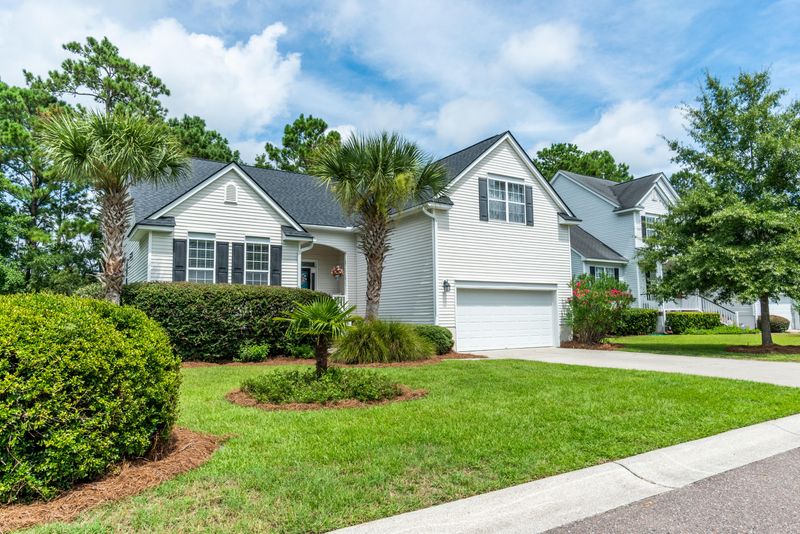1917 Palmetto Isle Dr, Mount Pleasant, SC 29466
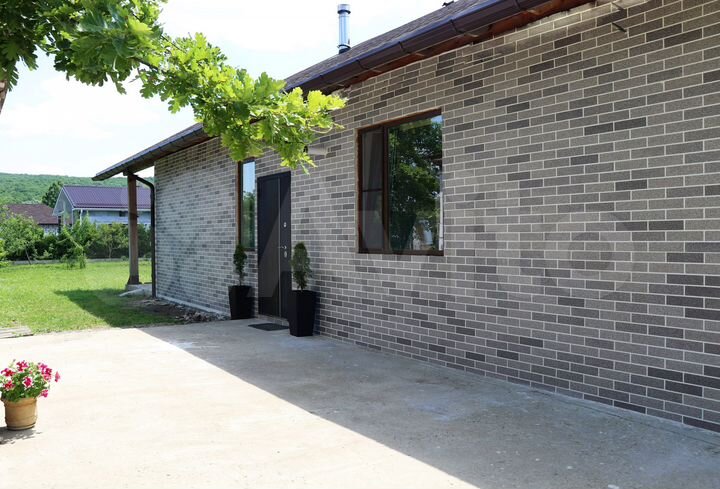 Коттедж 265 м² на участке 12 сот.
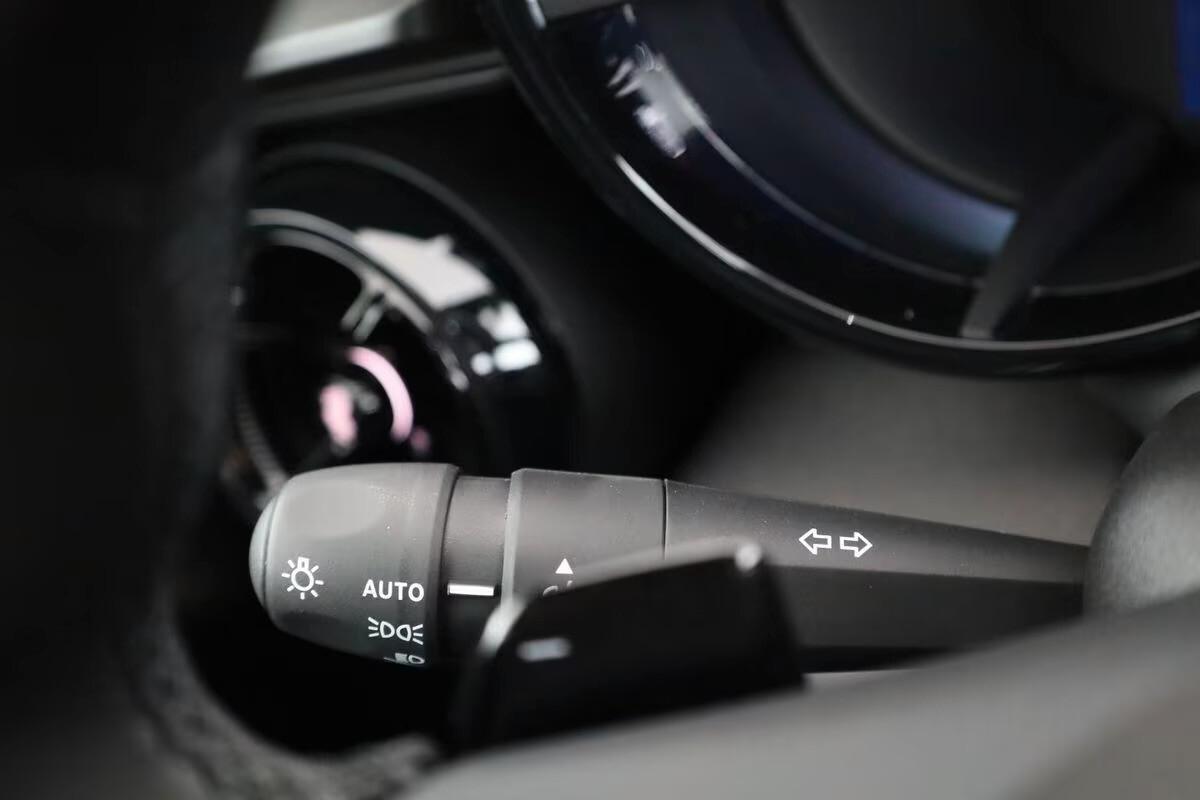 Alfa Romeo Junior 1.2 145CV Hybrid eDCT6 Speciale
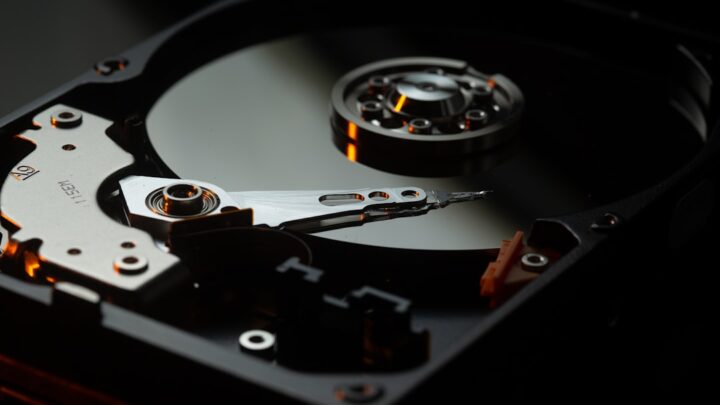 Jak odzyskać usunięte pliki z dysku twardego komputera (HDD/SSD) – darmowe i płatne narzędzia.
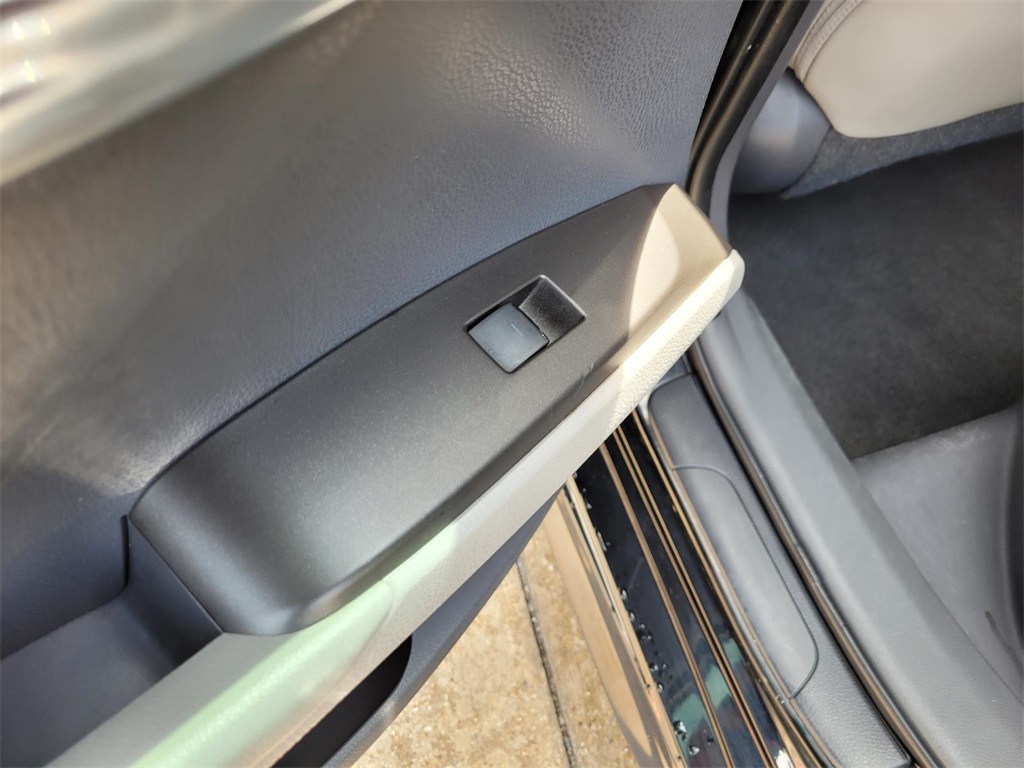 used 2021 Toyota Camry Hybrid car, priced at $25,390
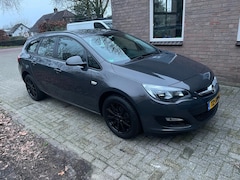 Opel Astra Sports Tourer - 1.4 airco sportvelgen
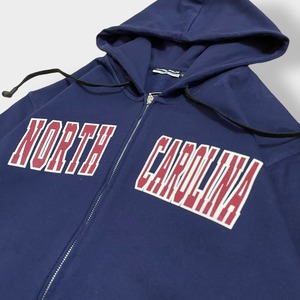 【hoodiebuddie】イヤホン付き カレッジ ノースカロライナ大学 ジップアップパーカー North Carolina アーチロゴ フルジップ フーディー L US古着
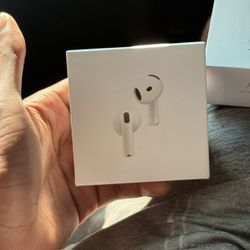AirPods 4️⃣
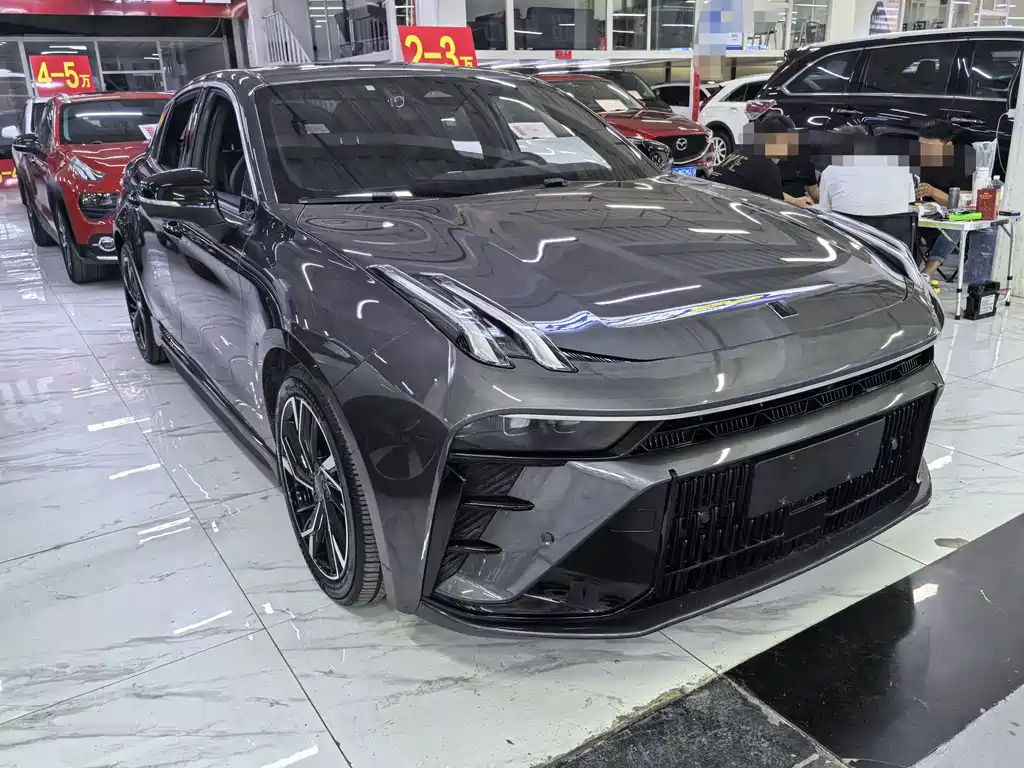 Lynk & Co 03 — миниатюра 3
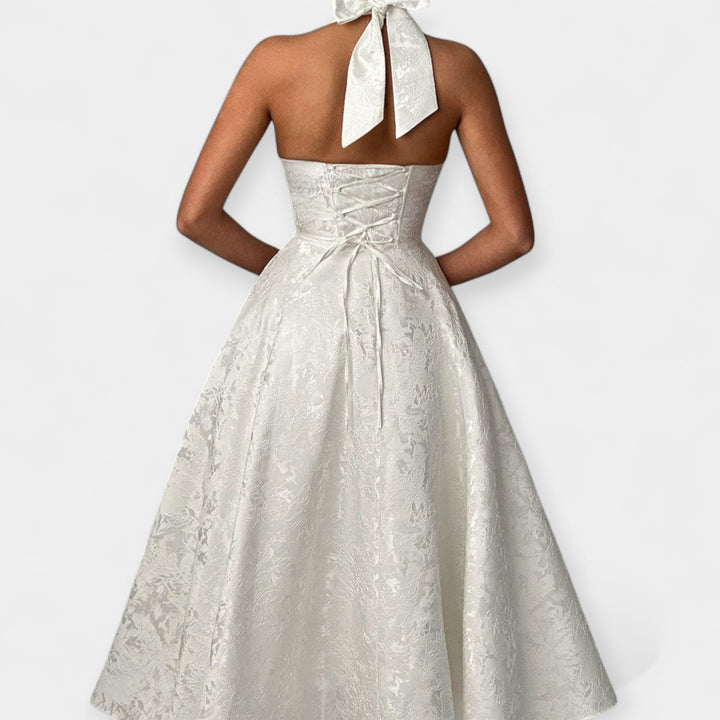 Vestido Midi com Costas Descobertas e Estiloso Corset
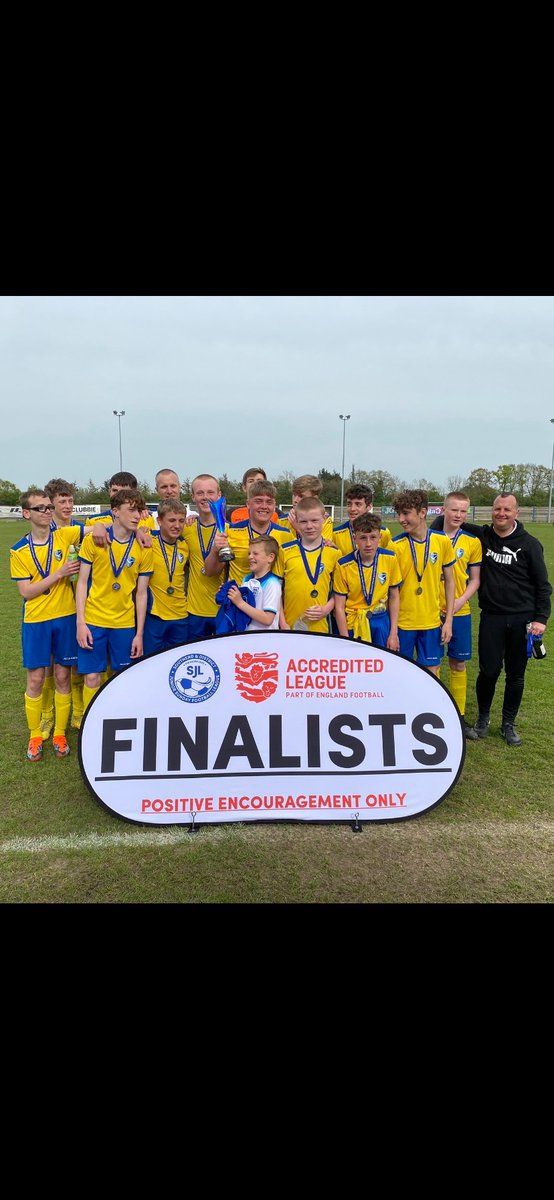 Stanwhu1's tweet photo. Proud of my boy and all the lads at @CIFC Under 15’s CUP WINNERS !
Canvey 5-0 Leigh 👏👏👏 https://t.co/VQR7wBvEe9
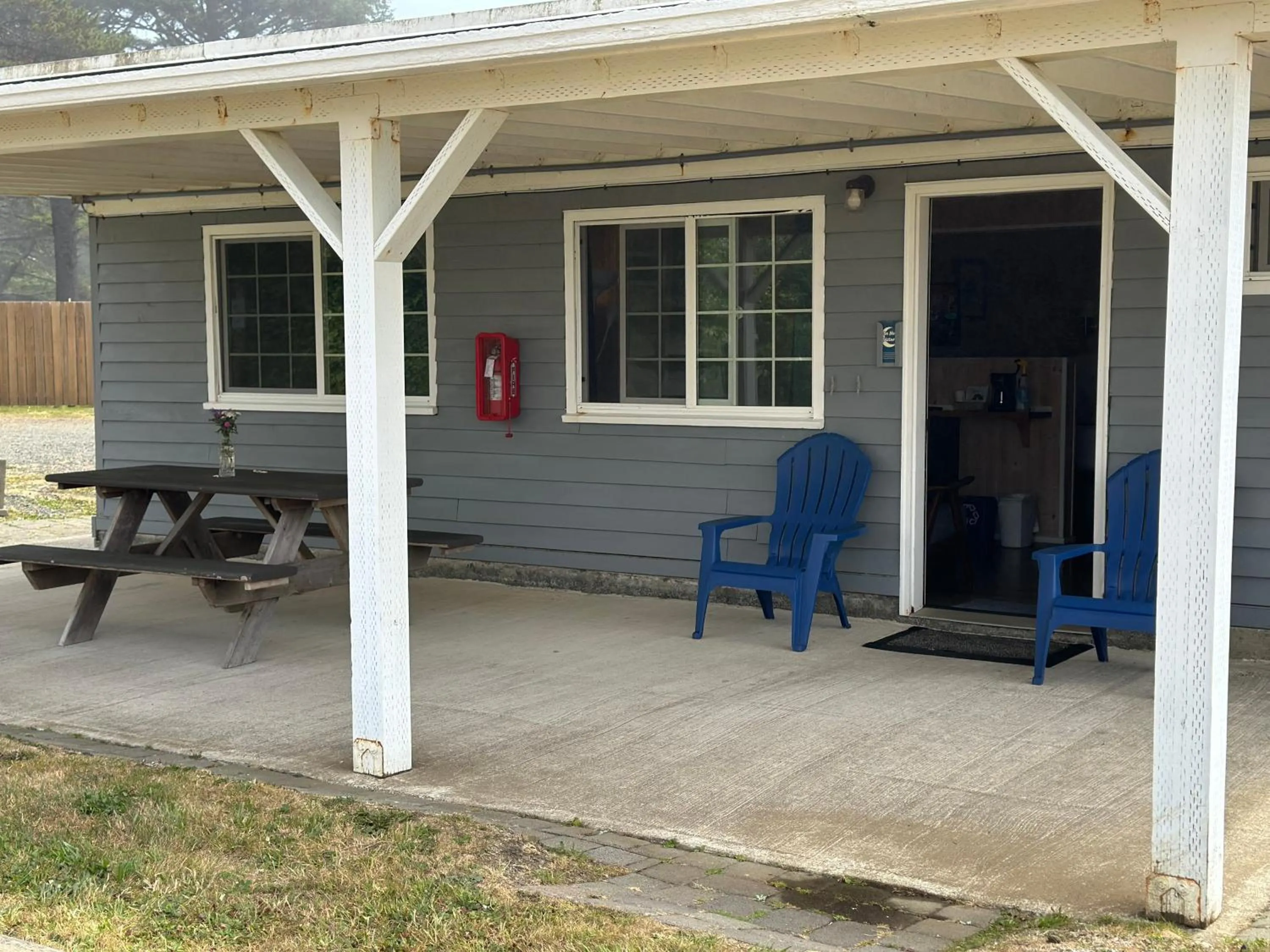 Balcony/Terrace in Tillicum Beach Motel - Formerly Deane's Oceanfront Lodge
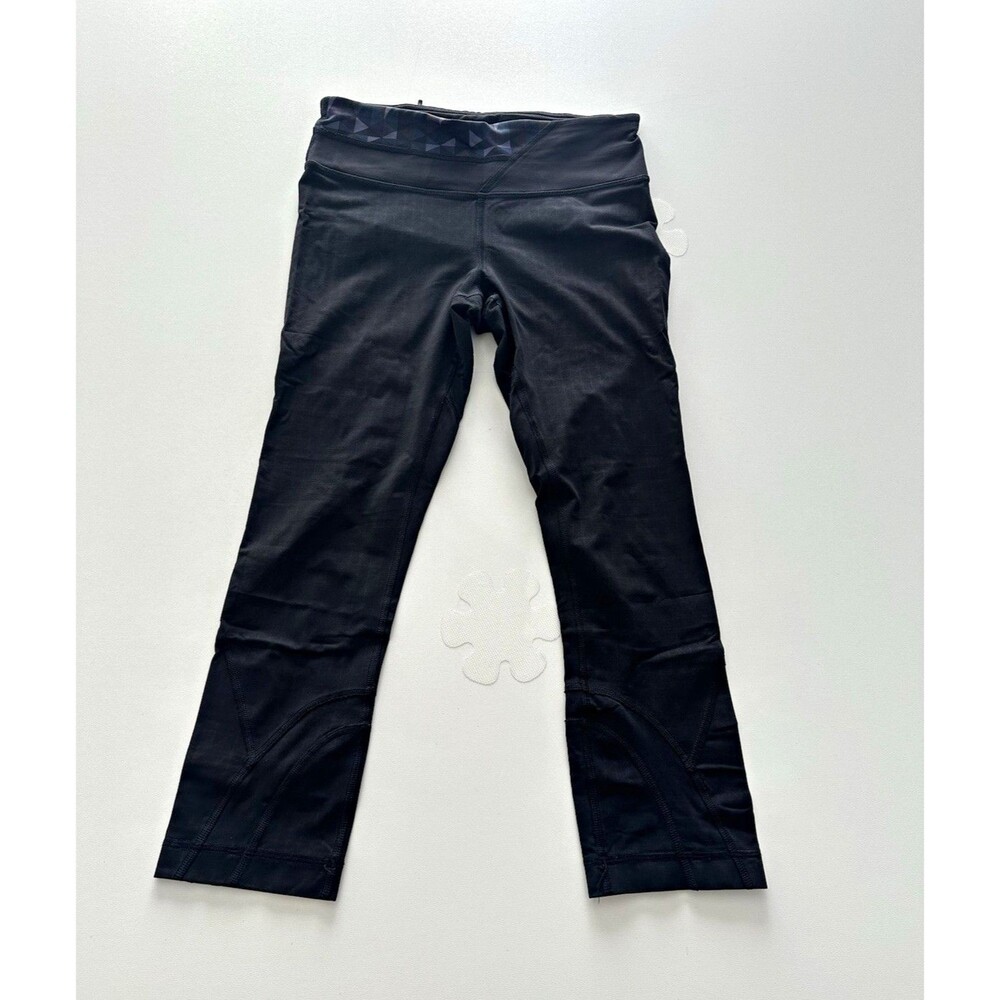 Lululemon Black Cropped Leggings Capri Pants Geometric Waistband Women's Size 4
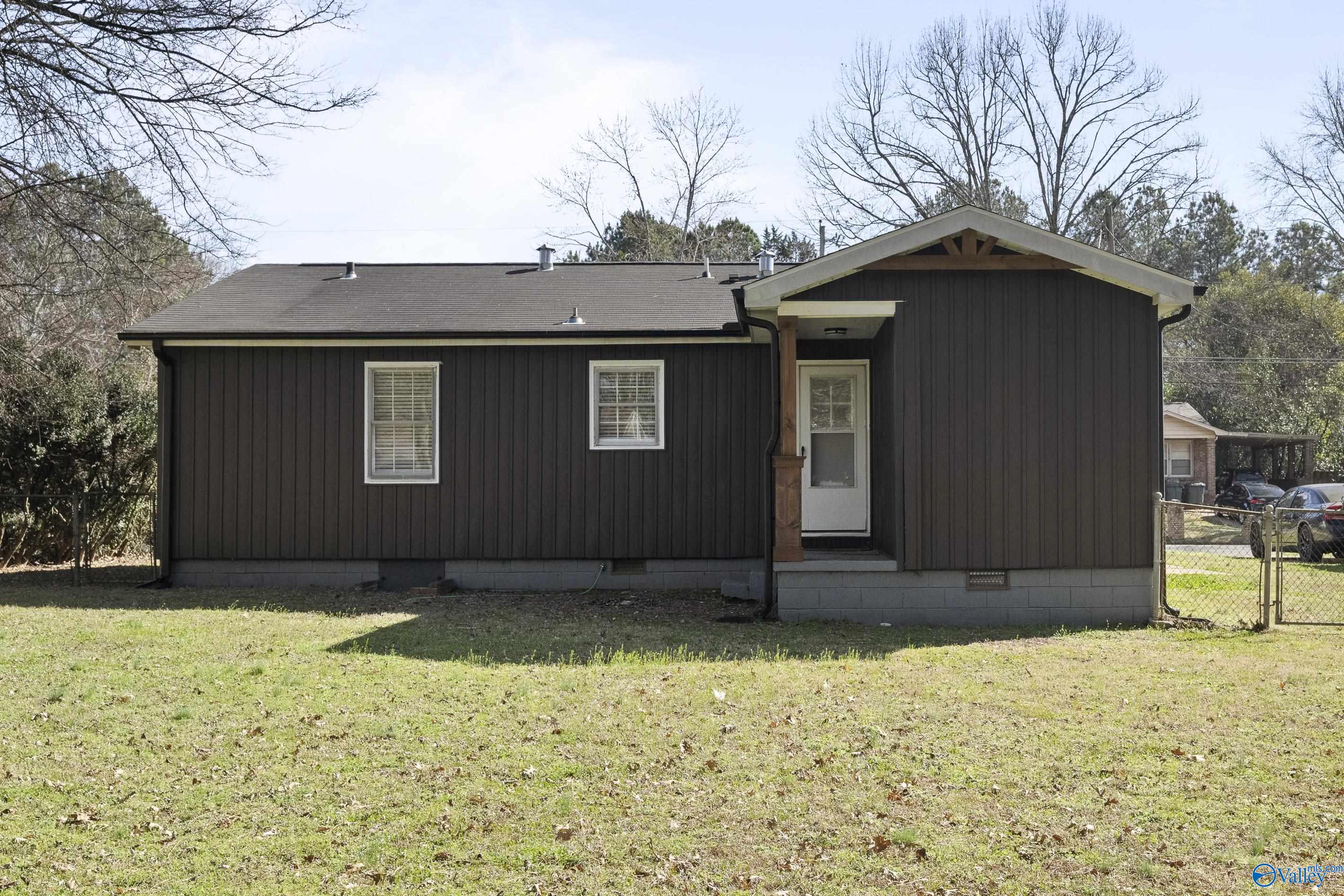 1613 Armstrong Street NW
-=-=-
* ACTIVITY:
Beginning with the line containing "Lynk & Co 03 — миниатюра 3" and ending with the last line of the material, output each line exactly; do not include pictures.

* REPLY:
 Lynk & Co 03 — миниатюра 3
 Vestido Midi com Costas Descobertas e Estiloso Corset
 Stanwhu1's tweet photo. Proud of my boy and all the lads at @CIFC Under 15’s CUP WINNERS !
Canvey 5-0 Leigh 👏👏👏 https://t.co/VQR7wBvEe9
 Balcony/Terrace in Tillicum Beach Motel - Formerly Deane's Oceanfront Lodge
 Lululemon Black Cropped Leggings Capri Pants Geometric Waistband Women's Size 4
 1613 Armstrong Street NW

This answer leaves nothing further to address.